Selon certains enseignants qui travaillent dans cette province de Kayanza, ces contributions exigées par les responsables des écoles varient entre 1.000 et 20.000 francs burundais suivant les échelons.

 

Les responsables d'écoles sont en train de collecter des contributions forcées auprès des enseignants. Cette somme serait destinée à acheter du matériel scolaire pour les élèves ayant participés au camp de travail. « Les enseignants du primaire doivent contribuer 1.000 francs et ceux du secondaire doivent payer 5.000 francs de même que les directeurs  des écoles à l'exception de ceux qui ont des établissements à régime d'internat qui doivent payer 20.000 francs burundais tandis que le conseiller du DCE contribue 5.000 francs.

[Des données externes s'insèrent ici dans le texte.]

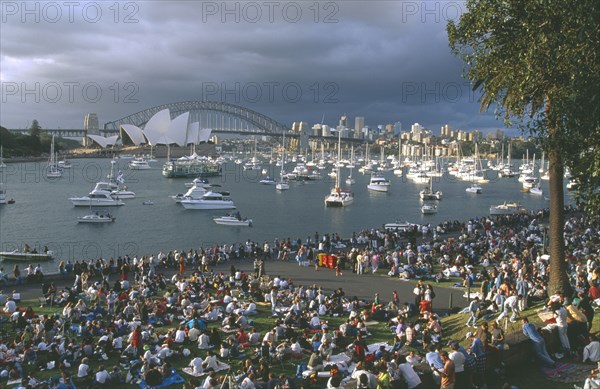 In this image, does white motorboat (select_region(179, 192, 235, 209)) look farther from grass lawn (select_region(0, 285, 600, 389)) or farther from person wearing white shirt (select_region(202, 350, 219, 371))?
A: person wearing white shirt (select_region(202, 350, 219, 371))

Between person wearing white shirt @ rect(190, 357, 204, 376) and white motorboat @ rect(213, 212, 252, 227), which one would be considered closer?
person wearing white shirt @ rect(190, 357, 204, 376)

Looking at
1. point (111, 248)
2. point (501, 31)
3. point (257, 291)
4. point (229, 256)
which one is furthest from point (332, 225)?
point (501, 31)

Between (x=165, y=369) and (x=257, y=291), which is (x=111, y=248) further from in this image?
(x=165, y=369)

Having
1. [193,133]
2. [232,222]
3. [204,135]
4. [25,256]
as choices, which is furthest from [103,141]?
[25,256]

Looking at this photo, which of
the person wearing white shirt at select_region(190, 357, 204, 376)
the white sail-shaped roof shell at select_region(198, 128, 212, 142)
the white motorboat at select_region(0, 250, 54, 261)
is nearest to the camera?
the person wearing white shirt at select_region(190, 357, 204, 376)

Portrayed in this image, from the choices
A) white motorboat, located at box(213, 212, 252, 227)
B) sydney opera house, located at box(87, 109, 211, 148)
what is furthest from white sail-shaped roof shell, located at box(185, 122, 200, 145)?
white motorboat, located at box(213, 212, 252, 227)

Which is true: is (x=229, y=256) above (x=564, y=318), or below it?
below

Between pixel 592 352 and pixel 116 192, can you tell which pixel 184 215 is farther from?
pixel 592 352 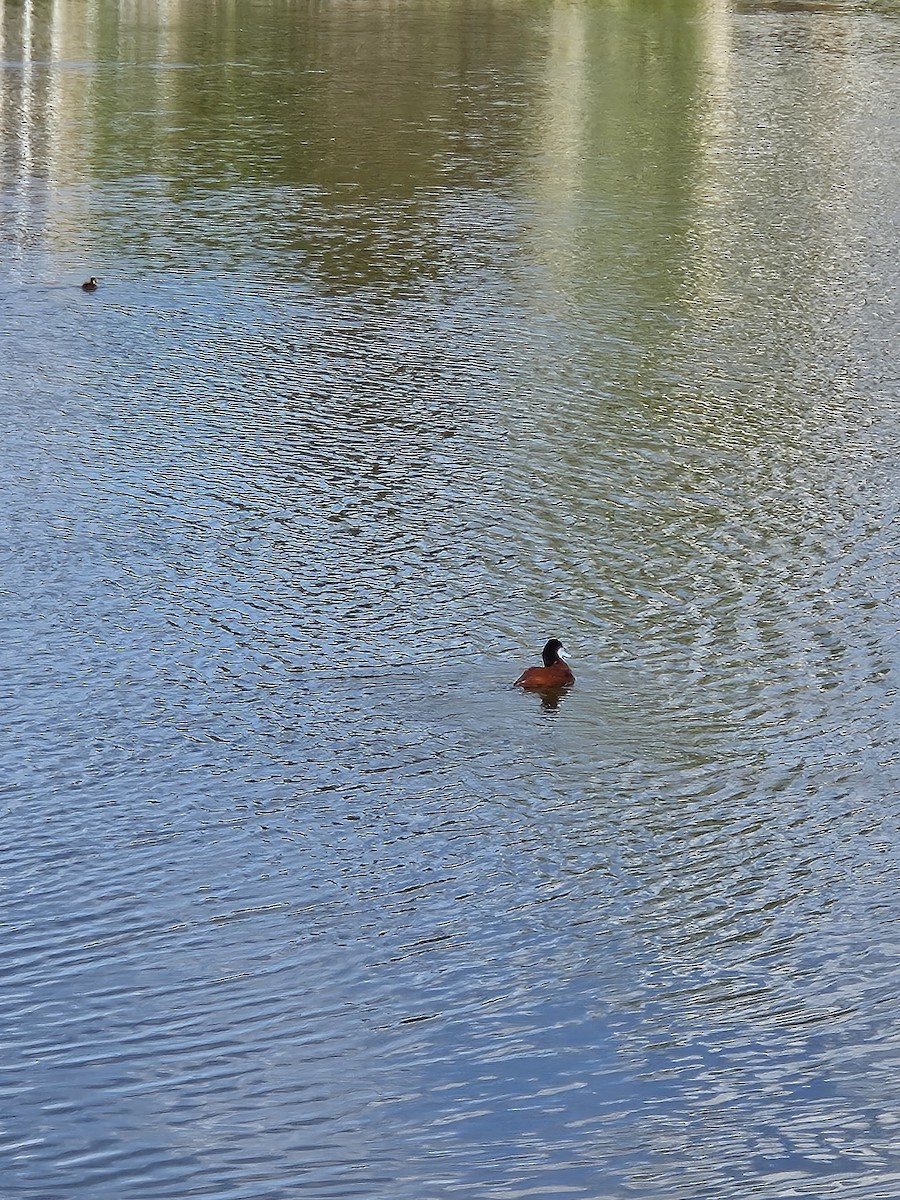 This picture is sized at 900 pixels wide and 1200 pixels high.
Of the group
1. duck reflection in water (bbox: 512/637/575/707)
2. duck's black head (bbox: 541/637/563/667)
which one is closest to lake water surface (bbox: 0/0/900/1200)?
duck reflection in water (bbox: 512/637/575/707)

Tout ce monde doit être acquitté de ces contributions avant ce vendredi 18 Août 2017, » explique un de ces enseignants.

 

Ces enseignants contribuent malgré eux de peur d'être malmenés. Les injonctions viennent des responsables des établissements scolaires dans cette province. "D’abord, nous  avons contribué pour la restauration de ces élèves. Ceux qui n'avaient pas de vivres ont donné 1.000 francs. Ensuite, chacun devrait donner 1 kilogramme de haricot de plus lors d'une formation faite durant ces vacances.  Nous étions obligés de payer chacun 1.000 francs burundais. Nous sommes contraints de payer cet argent de peur d'être persécutés d'autant que les ordres émanent de la Direction." ajoute un des enseignants.

 

Ces enseignants appellent au gouvernement burundais de prévoir un budget pour un financer ces activités afin  d’éviter de les enfoncer  dans une pauvreté. « Nous nous demandons comment un gouvernement peut organiser de telles activités sans budget? Nous sommes dépassés parce que nous vivons dans une extrême pauvreté. Nous demandons au  gouvernement  de trouver d’autres moyen pour rémunérer ces élèves », conclut un des enseignants.

 

Selon notre source, ces contributions seraient exigées aux enseignants de toutes les communes de la province Kayanza.